Sin decir que esto debería llevar a que juzguen de antemano mis creencias o
mis dudas –en este contexto no son importantes–, creo que el arte perdió su
significado para la vida en el momento en que se separó de la adoración
religiosa. Rompió su cordón umbilical y vive una vida separada, sorpresivamente
estéril, sosa y degenerada. La creatividad colectiva y los humildes hombres
anónimos son reliquias olvidadas y enterradas, despojadas de valor. Mis
pequeñas aflicciones y dolores de estómago morales son examinados con
microscopio subspecie aeternitatis. El miedo a la oscuridad que caracteriza la
subjetividad y la conciencia escrupulosa se han convertido en la gran cosa, y
llegamos finalmente a un camino sin salida donde discutimos entre nosotros el
tema de nuestra soledad, sin que ninguno escuche a los otros, sin siquiera notar
que estamos presionados tan cerca el uno del otro que casi morimos asfixiados.

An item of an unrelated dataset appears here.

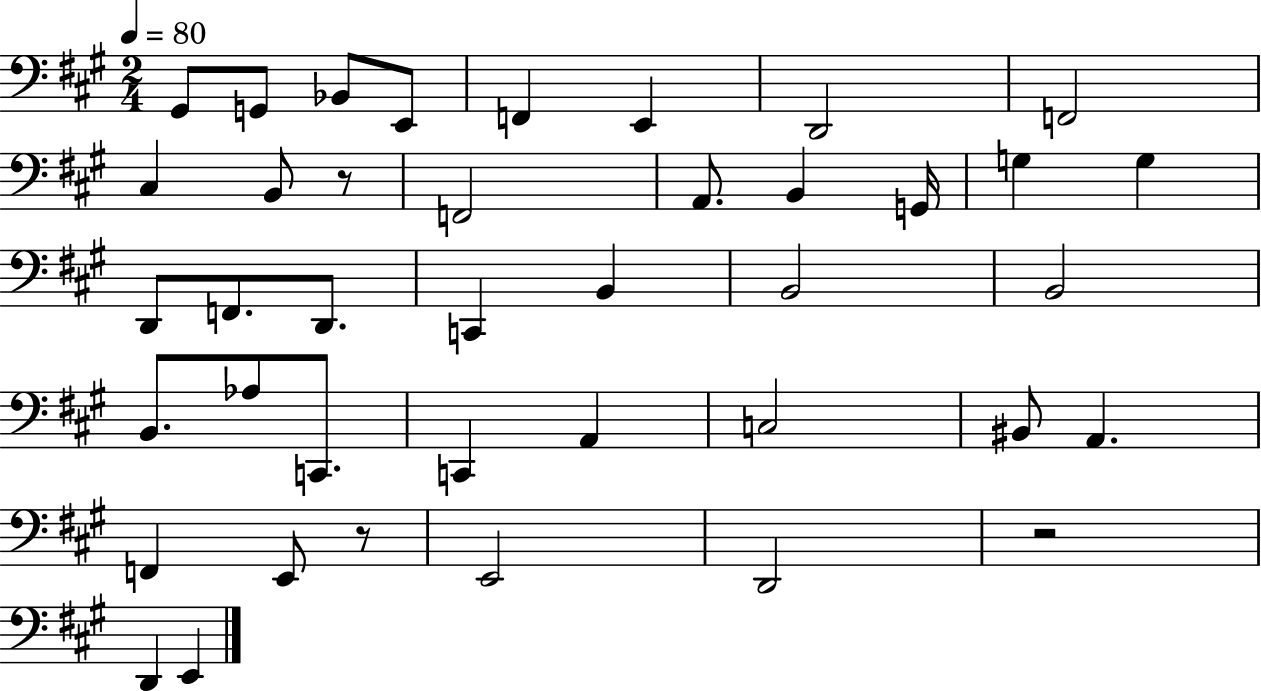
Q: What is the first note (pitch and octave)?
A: G#2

Es así como los individualistas se ven ante sus propios ojos, negando la
existencia de lo que ven e invocando la omnipotente oscuridad; nunca
experimentando, ni una vez, la salvadora gracia de los deleites de estar en
comunidad (trabajando juntos). Estamos verdaderamente aprisionados en
nuestros círculos viciosos, tan encerrados en nuestra propia angustia que nos
hemos vuelto incapaces de distinguir lo real de lo falso, los ideales de gánsters
del sincero desamparo.

A la pregunta sobre mi objetivo al hacer cine, podría entonces responder:


“Quiero ser uno de los artistas de la catedral que se levanta desde los cimientos.
Quiero ocuparme en tallar en piedra la cabeza de un dragón, un ángel o un
demonio, o tal vez un santo, ¡eso no importa!, encontraré la misma dicha en
cualquier caso. Si soy creyente o no creyente, cristiano o pagano, trabajo con
todo el mundo para construir una catedral porque soy artista y artesano, y
porque he aprendido a esculpir rostros, extremidades y cuerpos en piedra.
Nunca me preocuparé por el juicio de la posteridad o de mis contemporáneos,
mi nombre está tallado en ningún lado y desaparecerá conmigo. Pero una
pequeña parte de mí sobrevivirá en la anónima y triunfal totalidad. Un dragón o
un demonio, o tal vez un santo, ¡eso no importa!”